Vegetable soup with brown rice and kidney beans


I made this soup up as I went along, with whatever I had available. It was served with toasted French bread. Everyone seemed to enjoyed it!

Makes 6 quarts

  • 4 quarts vegetable broth
  • 2 tablespoons canola oil
  • 2 teaspoons oregano
  • 2 carrots, sliced
  • 2 red peppers, sliced
  • 1 summer squash, sliced
  • 1/2 pound sweet peas
  • 2 heads bok choy, cut in 2-inch length
  • 2 teaspoons salt
  • 2 tablespoons maple syrup or equivalent sweetener
  • 1/2 teaspoon cayenne pepper
  • 1/2 teaspoon paprika
  • 1/2 teaspoon black pepper
  • 1 can 6-oz tomato paste
  • 2 cups cooked brown rice
  • 2 cups cooked kidney beans

1. Pour the broth in a 6 quart-pot bring to a boil.
2. In a pan or wok, add oil, oregano, add carrot, saute for 1 minute.

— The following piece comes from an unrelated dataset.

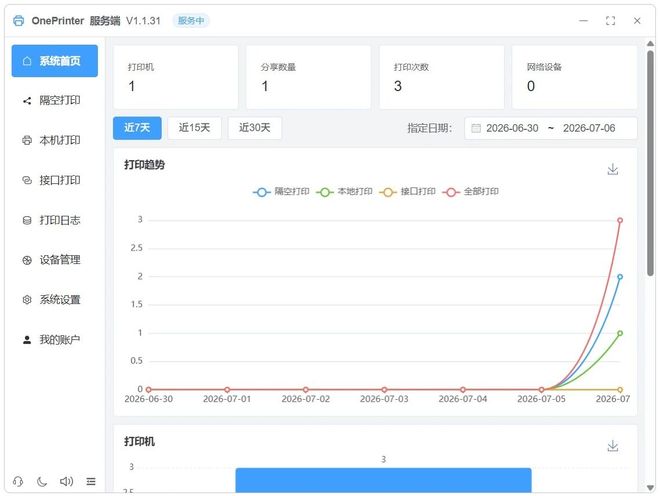 图片[2]-隔空打印工具onePrinter：突破打印机局域网限制，即便在外网也能一键打印！-科技乐小天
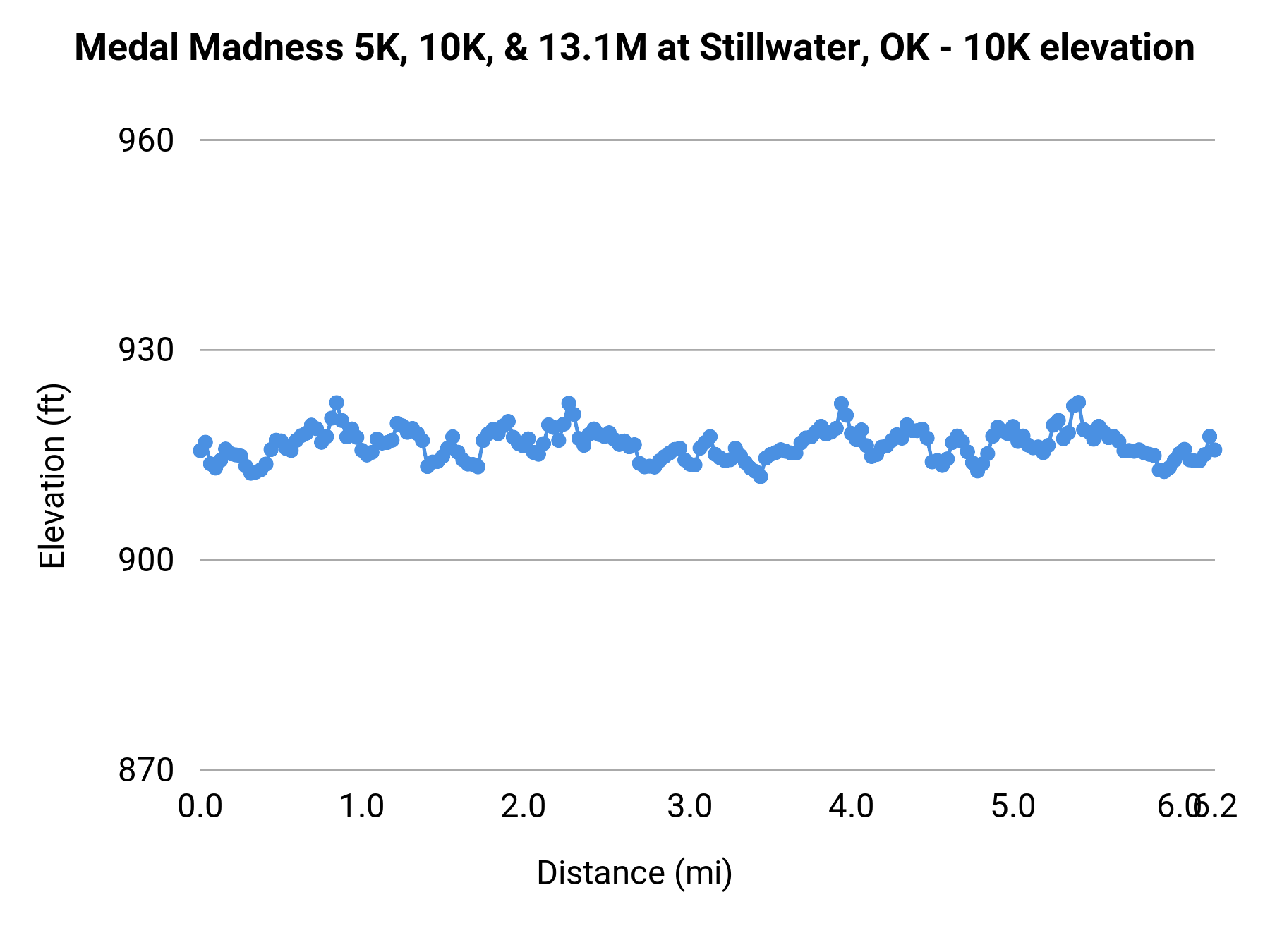 Medal Madness 5K, 10K, & 13.1M at Stillwater, OK - 10K elevation profile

Add peppers and saute for 1 minute, repeate for squash, sweet peas and bok choy.
3. Add salt, sweetener and spices.
4. Add the sauteed mixture to the broth pot.
5. Stir in tomato paste.
6. Add rice and beans.
7. Cover and simmer for 1 hour or transfer to a slow cooker, cook on low for 4 hours.
8. It even tasted better the next day.